Click the Image to Enlarge

Click the Image to Enlarge

This works like a champ in this configuration, using a vSwitch for management, which is naturally on an isolated network to begin with, using a vSwitch for VMs to connect to the vShield Agent and using a vSwitch to connect everything to the outside world.  This can also be deployed with limited down time. If you are lucky enough to have the Enterprise Plus version, you may want to use a vNetwork Distributed Switch or even a Cisco 1000v. You will need to make some manual configurations to make this work as outlined in the admin guide.

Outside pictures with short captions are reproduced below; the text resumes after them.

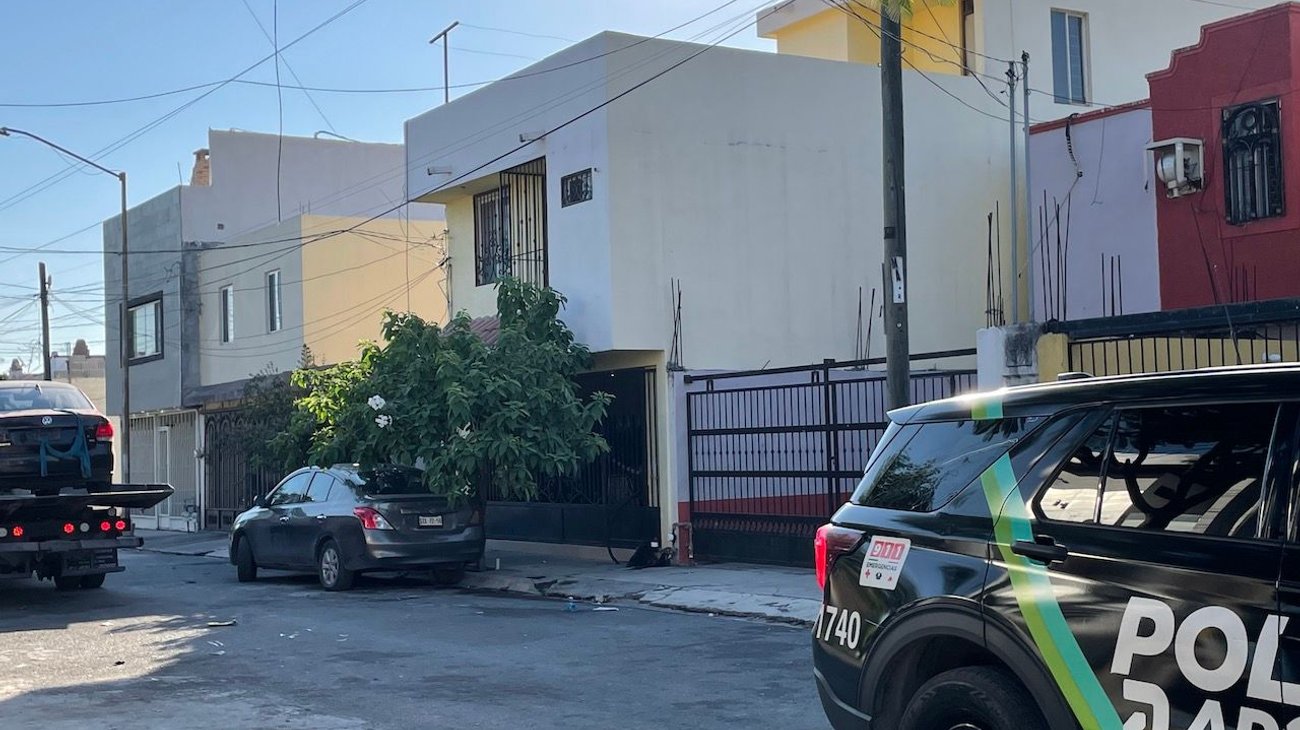 Aseguran auto con dos cajas fuertes en Apodaca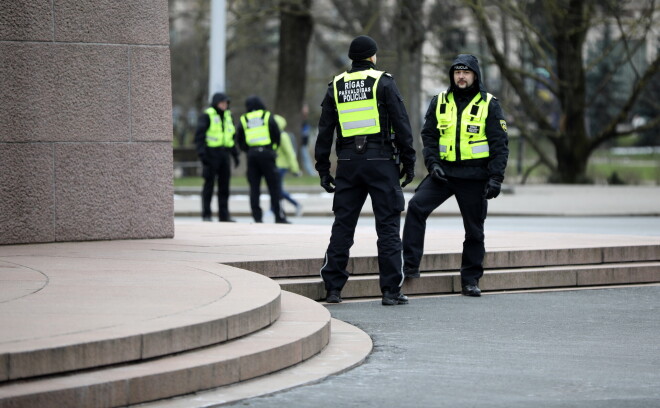 Rīgas pašvaldības policisti laukumā pie Brīvības pieminekļa Leģionāru atceres dienā.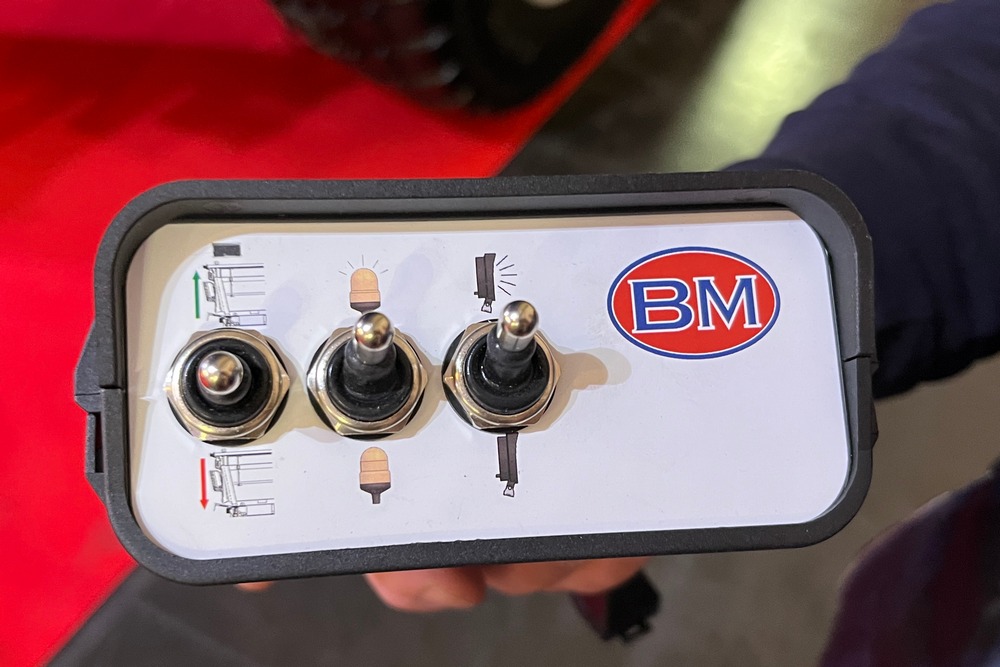 Le boîtier de commande de la benne à installer en cabine.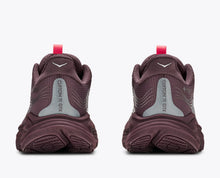 Load image into Gallery viewer, WOMEN'S CLIFTON 11 GTX
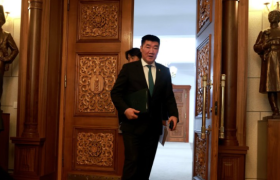 С.Бямбацогт: Би 20 настайдаа өөрийнхөө мөнгөөр 69 машин худалдаж авч байсан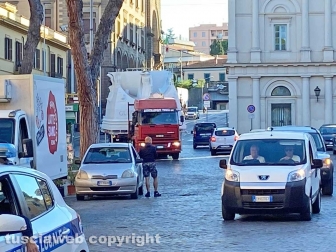Viterbo - Santa Rosa - Gloria arriva in piazza del Comune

The gotcha is with blade servers or “pizza box” servers that have limited I/O slots. If all of the VM traffic must flow through the same physical NICs and you use a vSwitch, then you need the vShield Agent to protect a port group rather than an entire vSwitch. You will need to create a vSwitch with a protected port group and connect it to the pNICs. Then you you can install the vShield Agent. Once the vShield Agent is installed, you will need to go back to the vSwitch attached to the pNICs and add an unprotected port group. This is illustrated below. The red line is the protected traffic and the blue line is the unprotected traffic.

Click on Image to Enlarge

Click on Image to Enlarge

As you can see, there is an unprotected Port Group (ORIGINAL Network). This needs to be added to the vSwitch AFTER the vShield Agent is installed. If the ORIGINAL Network is already a part of the vSwitch, it will need to be removed BEFORE installing the vShield Agent. In order to avoid an outage, you will need to disable DRS and manually vMotion all VMs off of the ESX/ESXi host before installing the vShield Agent and modifying the port groups.

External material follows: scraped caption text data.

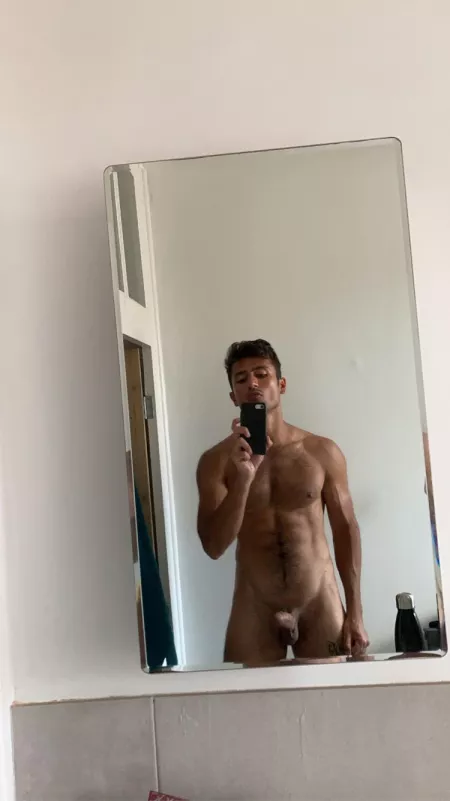 Get on your knees by throwmeastray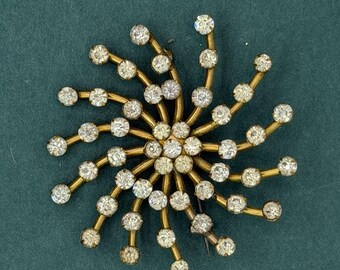 Rare Vintage 1950s Atomic Fireworks Brooch Clear Rhinestone Gold Tone Starburst Snowflake Pin Mid Century Holiday Jewelry 2.75 Inch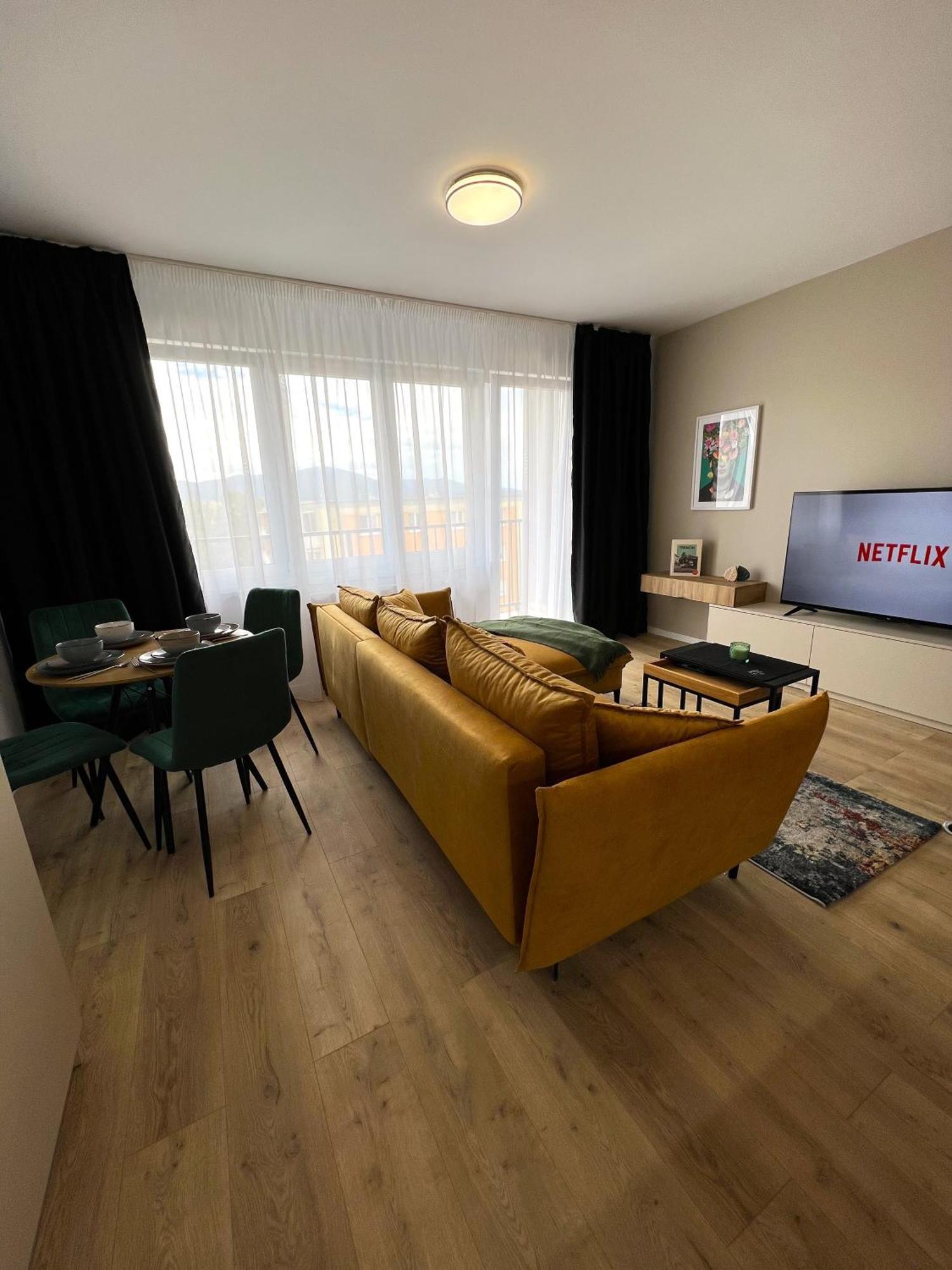 Cozy Stay Apartment Trenčín Esterno foto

Gotcha #2 – DRS/HA Settings

The vShield Agents attach to isolated vSwitches with no pNIC connection. As you should already know, using DRS and vMotion on an isolated vSwitch could cause inter-connectivity between VMs to fail. By default, you cannot vMotion a VM that is attached to an isolated vSwitch. You will need to enable this by editing the vpxd.cfg file. You will also need to disable HA and DRS for the vShield Agents so they stay on the hosts where they are  installed. Both are well documented. Obviously, you will need to install a vShield Agent on every ESX/ESXi host in the cluster.

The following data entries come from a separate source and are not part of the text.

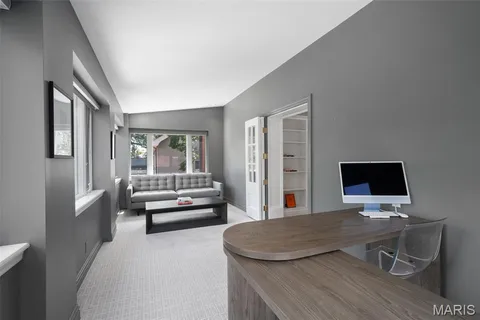 $1,799,900 | 20 Ridgemoor Drive, Clayton, MO 63105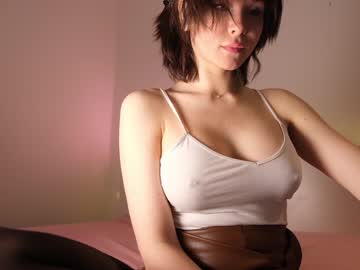 girl
        sae__ cam image #839004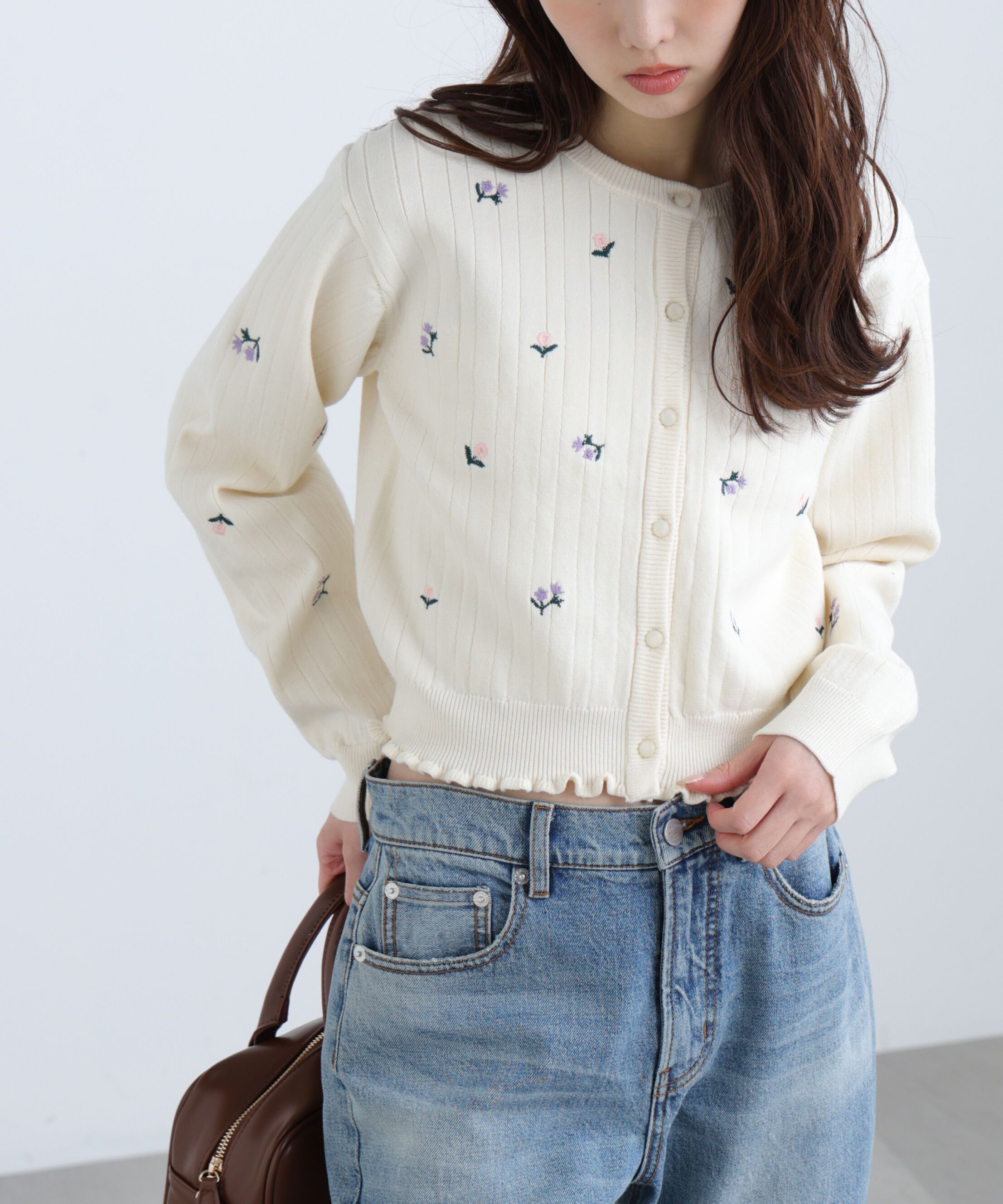  「フラワー刺繍針抜きニットカーディガン」|ニット・セーター|オフ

The Gotcha here is that, with HA disabled for the vShield Agent, there is no facility for automatic startup. There is an automatic startup setting in the startup/shutdown section of the configuration settings. First, this is an all-or-nothing setting. Second, according to the Availability Guide:

“NOTE The Virtual Machine Startup and Shutdown (automatic startup) feature is disabled for all virtual machines residing on hosts that are in (or moved into) a VMware HA cluster. VMware recommends that you do not manually re-enable this setting for any of the virtual machines. Doing so could interfere with the actions of cluster features such as VMware HA or Fault Tolerance.”

So, if a host fails, HA will restart all protected VMs on different hosts. If the host comes back on line, you risk having DRS migrate protected VMs back to that host. This will cause those VMs to become disconnected because the vShield Agent will not automatically start. If a host fails, hope that it fails good enough so it won’t restart.

Gotcha #3 – Maintenance Mode

At the beginning of this post, I mentioned how VMware Update Manager has spoiled me. VUM can be scheduled to patch VMs and hosts. When host patching is scheduled, VUM will place one host in Maintenance Mode, which will evacuate all VMs. Then, it will apply whatever patches are scheduled to be applied, reboot and then exit Maintenance Mode. It will repeat this for each host in a cluster. This works great unless there are running VMs that have DRS disabled, like the vShield Agent.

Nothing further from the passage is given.